Task requirements>
Once "Stunning Property Seaviews, Private" turns up in a line below, reproduce that line and those after it exactly, stopping after the line with "Chanel le boy"; leave pictures out.

(Records to use)

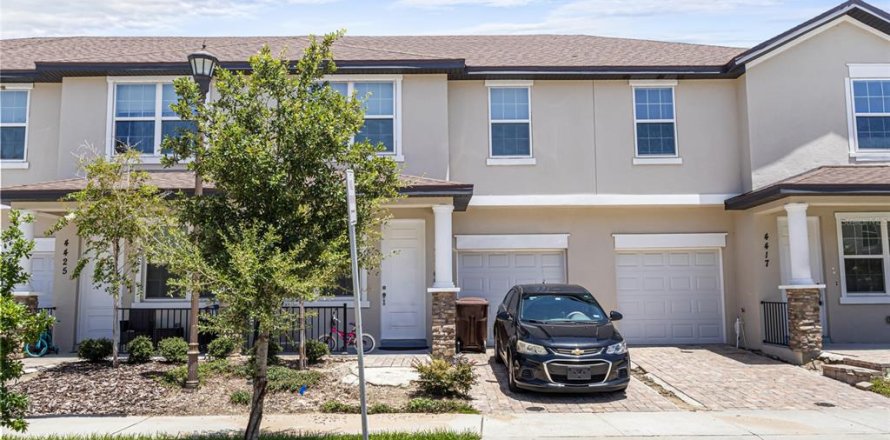 Adosado en Kissimmee, Florida 4 dormitorios, 153.29 m2 № 1848515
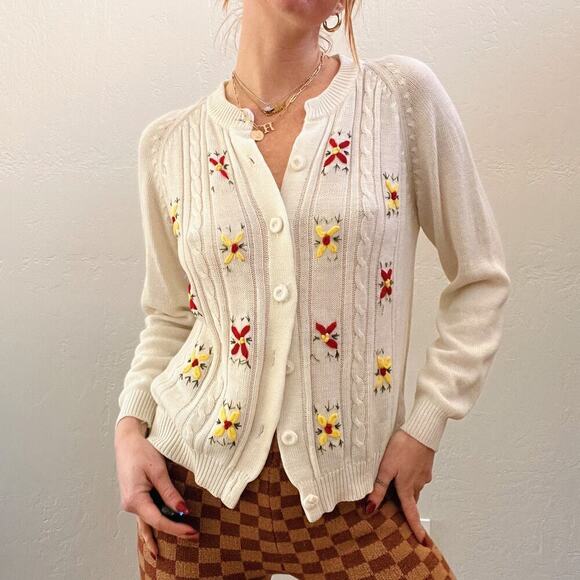 Vintage 1960's Flower Embroidered Cable Stitch Cream Cardigan Sweater - Picture 3 of 6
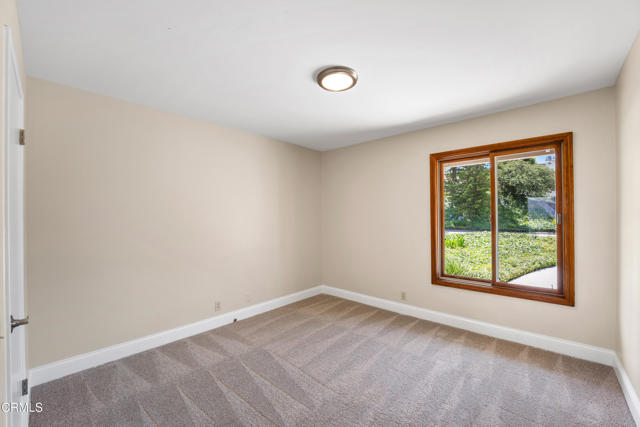 1027 Garrido Drive, Camarillo CA: https://media.crmls.org/mediaz/623e4352-6be4-477d-af9e-616715999893.jpg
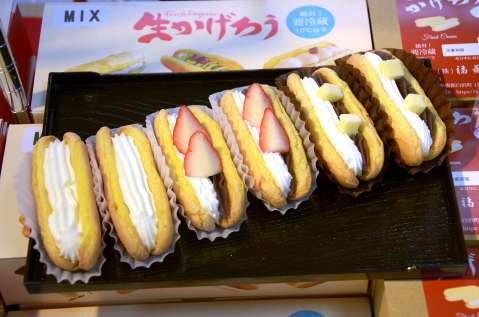 会場で販売する和歌山県の銘菓「生かげろう」＝１８日、鹿児島市の山形屋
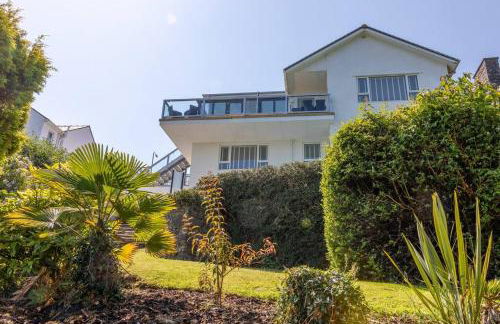 Stunning Property Seaviews, Private Pool & Parking - Photo 50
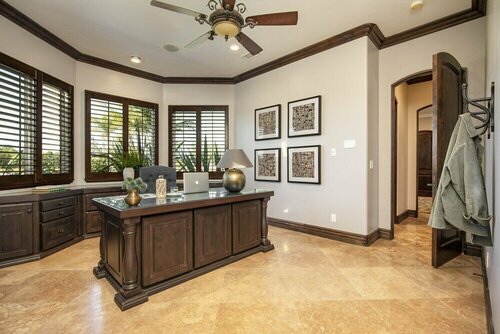 Гостиница Sky Lantern by Avantstay Stunning Oasis w Pool, Hot Tubs, Volley Ball Court & Home Office! в Темекуле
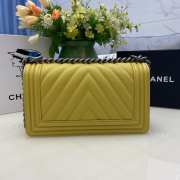 Chanel le boy caviar leather yellow v-vomig patroon silver hardware 25cm - 2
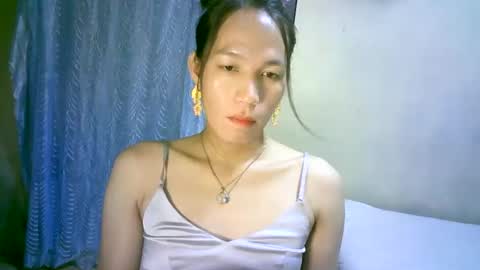 queen julia not into CHEAPGUY online show from 02/17/25, 12:48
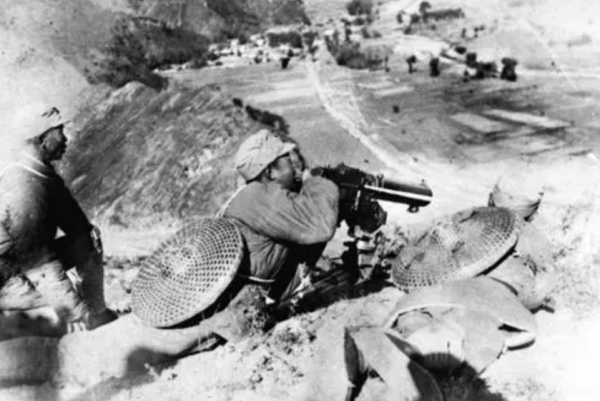 1960年,四川女校長隱藏15年,因一碗肉被捕,村民得知後怒斥:處決她 1960年,四川女校長隱藏15年,因一碗肉被捕,村民得知後怒斥:處決她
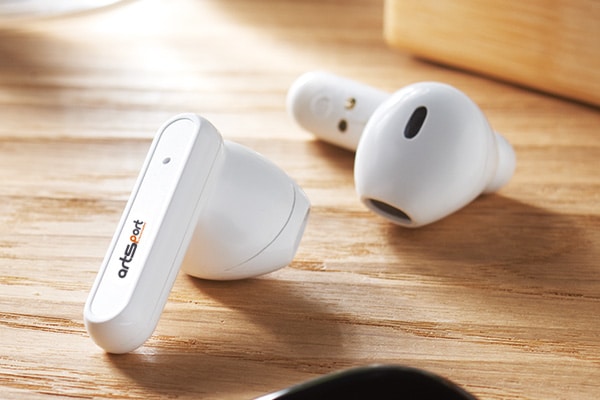 Auriculares personalizados - Merchandising tecnológico para empresas y eventos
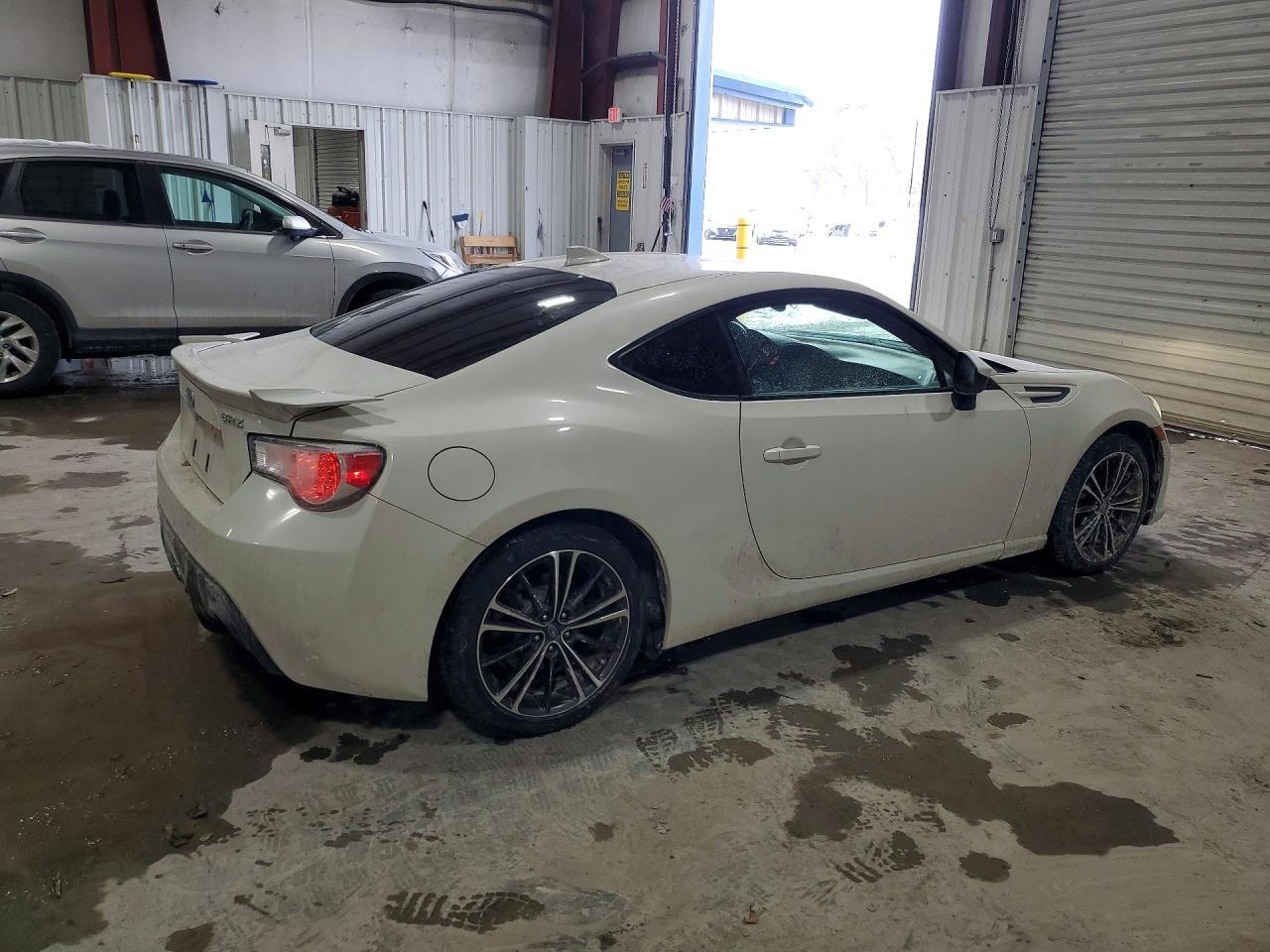 2016 SUBARU BRZ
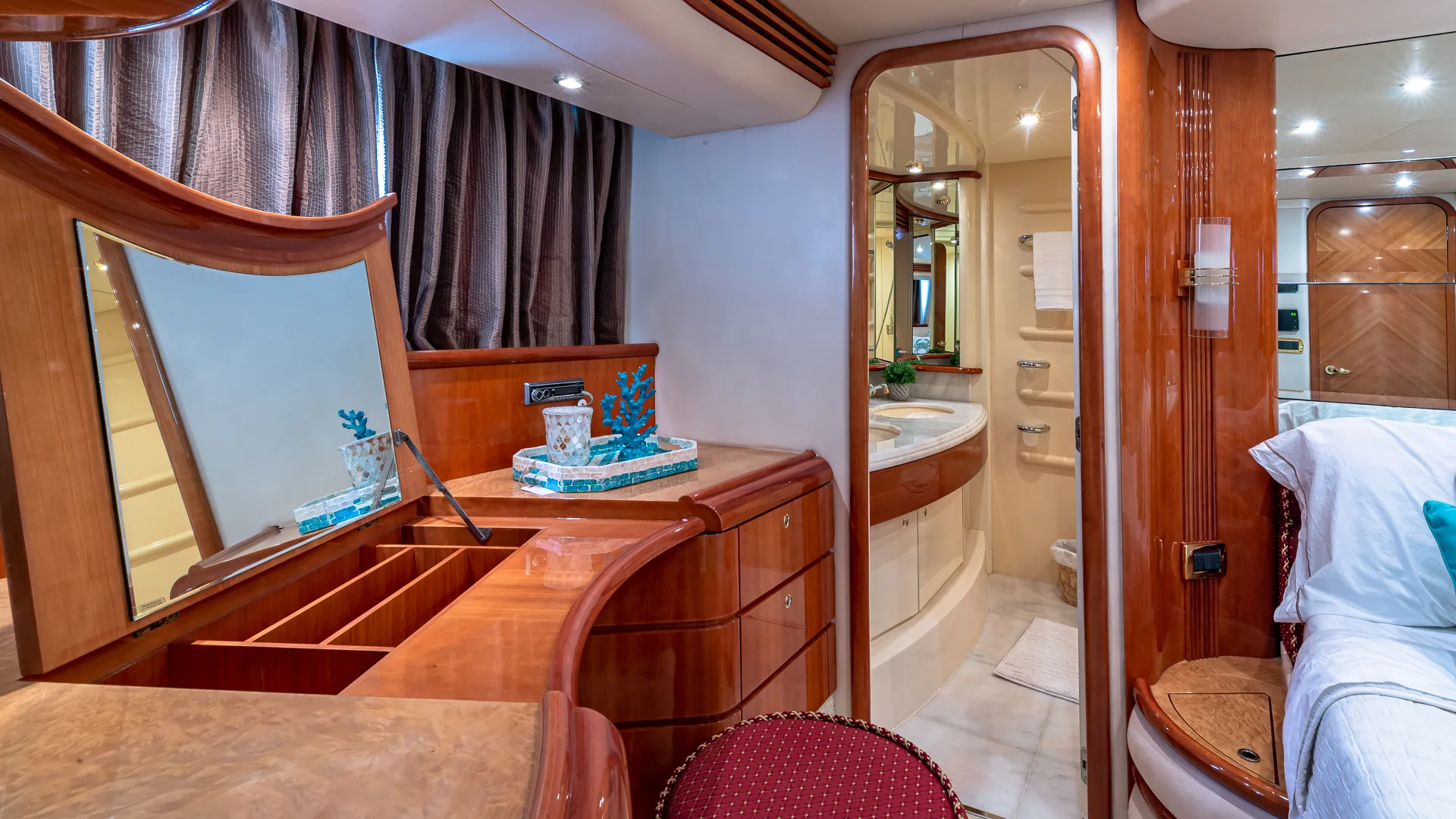 Exclusive Emerald Coast Yacht Charter | VIP Service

(End Records to use)

Solution>
 Stunning Property Seaviews, Private Pool & Parking - Photo 50
 Гостиница Sky Lantern by Avantstay Stunning Oasis w Pool, Hot Tubs, Volley Ball Court & Home Office! в Темекуле
 Chanel le boy caviar leather yellow v-vomig patroon silver hardware 25cm - 2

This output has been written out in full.